Saturday, August 30, 2008

"The Secret" and the New-Thought School of Christianity in Light of Ernest Becker's Ideas

What follows is an expanded answer I gave to an inquirer who asked about "contemporary revelations" such as Douglas Neil Walsh's Conversations with God and and a related text, even if not claimed as "revelation," Rhonda Byrne's The Secret. Here is how I answered:

Dear A:

Thanks for finding the heart to ask your heart's questions.

For over a decade a wonderful woman named Olivia, my former mother-in-law introduced me to the whole family of New-Thought School of Christianity (Christian Science, Unity School, Science of Mind, and A Course in Miracles). I believe, had she lived past her 90+ years until now, she would have been a vital advocate of the best-selling The Secret: The Law of Attraction. People ask me often about the Secret, as if I were some kid of expert. Although I'm "Mistra Know-it-all," I finally have formulated a simple policy statement for myself and I invite you to consider it as a question, might this perspective serve you:

The "Law of Attraction" may be a powerful formula for creativity, but it is certainly not an ontology (theory of being) nor an philosophy of ethics. The book is filled with some admirable ideas and practices, especially "attraction" and "gratitude." And at that level I can admire, acknowledge and practice its principles. Even Confucius (who would have laughed off this "Secret" product," would have favored the practice of attractiveness and gratitude that spreads and results from performing social rituals respectfully and correctly as a way of building a society. But that's exactly as far as I can and would go and I see a major problem with how the theory is misapplied and used as a tool of abuse -- abuse of self and abuse of others.

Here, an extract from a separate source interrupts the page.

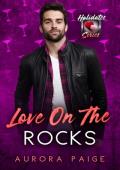 Love on the Rocks (The Holidates #40)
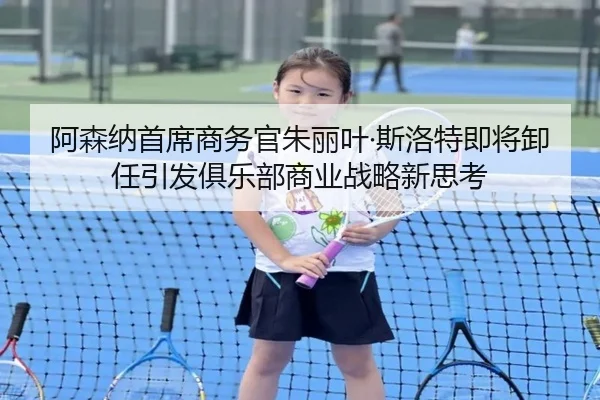 阿森纳首席商务官朱丽叶·斯洛特即将卸任引发俱乐部商业战略新思考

Rollo May wrote in one of his books (I think the book is The Courage to Be, and I think the quote is on p. 108) that the Maharishi Mahesh Yogi's Transcendental Meditation movement was promoting a false vision of creativity by promoting relaxation as the seed-bed of creativity, when in fact the creation of art involves the agon the struggle, the contest, the battle. Becker is brilliantly clear on this in many ways and places in his work especially in his treatment of "moiety" (complementary pairs and oppositions (Escape From Evil, p. 10)And yes, sometimes, some artists receive entire inspiratoins at a clip. We know this of Jalaluddin Rumi, Ibn 'Arabi and J.K. Rowling.

Neither Prometheus, Ithicus, nor even Hermes advanced by using "The Secret Law of Attraction (and Gratitude)." They thought hard, worked hard, sometimes tricked and treated their way up and out, but certainly used nothing like the Law of Attraction.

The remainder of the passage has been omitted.